Perché il successo clinico non è sempre un successo biomeccanico: una nuova era per la cinematica della spalla
Un intervento “riuscito” basta davvero? Una nuova ricerca pubblicata su JSES International mette in luce un gap critico nel recupero dopo la riparazione della cuffia dei rotatori: la persistente discinesia scapolare.
Sebbene i pazienti mostrino spesso miglioramenti significativi in dolore e forza (punteggi CMS) e nell’ampiezza di movimento attiva, lo scapulohumeral rhythm (SHR) di frequente non ritorna alla normalità. Questa “sostituzione scapolare” potrebbe essere il fattore nascosto dietro esiti a lungo termine e possibili re-infortuni.

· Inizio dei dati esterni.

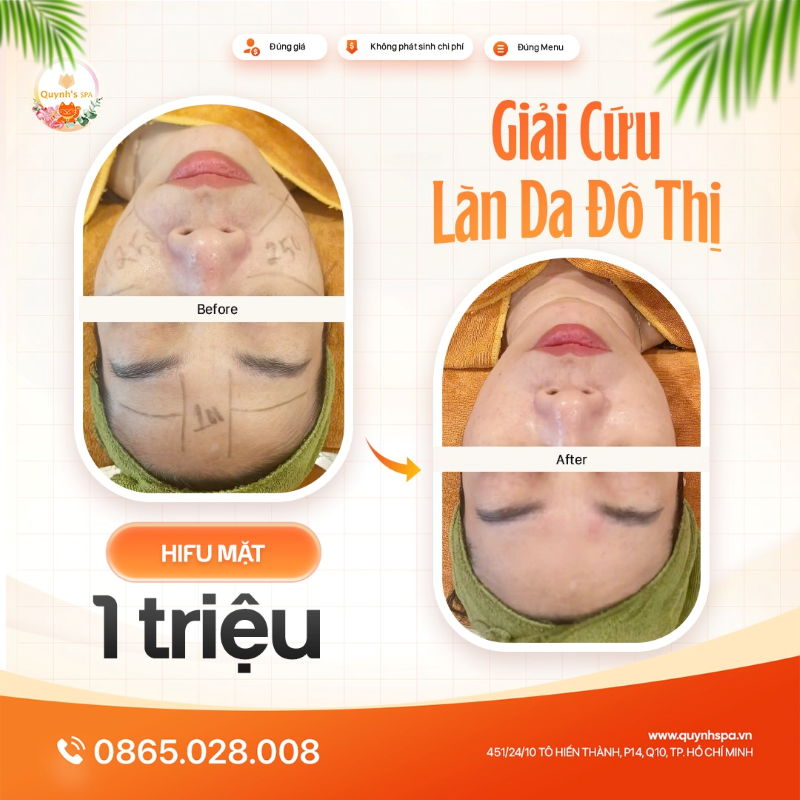 Giải cứu làn da đô thị cùng Hifu nâng cơ trẻ hóa tại Quynh's Spa Q.10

Il game changer: ShowMotion – Tracciamento cinematico 3D
Per svelare questi deficit funzionali sottili, lo studio ha utilizzato il sistema ShowMotion 3D (NCS Lab): uno strumento all’avanguardia che porta un nuovo livello di dettaglio nella valutazione dell’arto superiore.
Perché ShowMotion è unico?
• Precisione in 3D: utilizza unità magneto-inerziali wireless e non invasive (MIMU) per catturare la complessità tridimensionale del movimento della spalla (protrazione, rotazioni e tilt) con un’accuratezza straordinaria (entro 2,5°–6°).
• Oltre la superficie: a differenza delle valutazioni tradizionali, ShowMotion differenzia in tempo reale i contributi specifici delle articolazioni scapolo-omerale e scapolo-toracica.
• Insight visivi: con grafici in tempo reale e avatar 3D, fornisce una “mappa” quantitativa della coordinazione e della propriocezione, identificando micro-instabilità invisibili a occhio nudo.
Take home message
La chirurgia corregge la struttura, ma l’adattamento neuromuscolare richiede riabilitazione mirata. Strumenti come ShowMotion sono essenziali per i clinici che vogliono andare oltre un recupero “generico” e progettare programmi personalizzati focalizzati sul ripristino del vero controllo motorio.
È ora di smettere di indovinare e iniziare a misurare.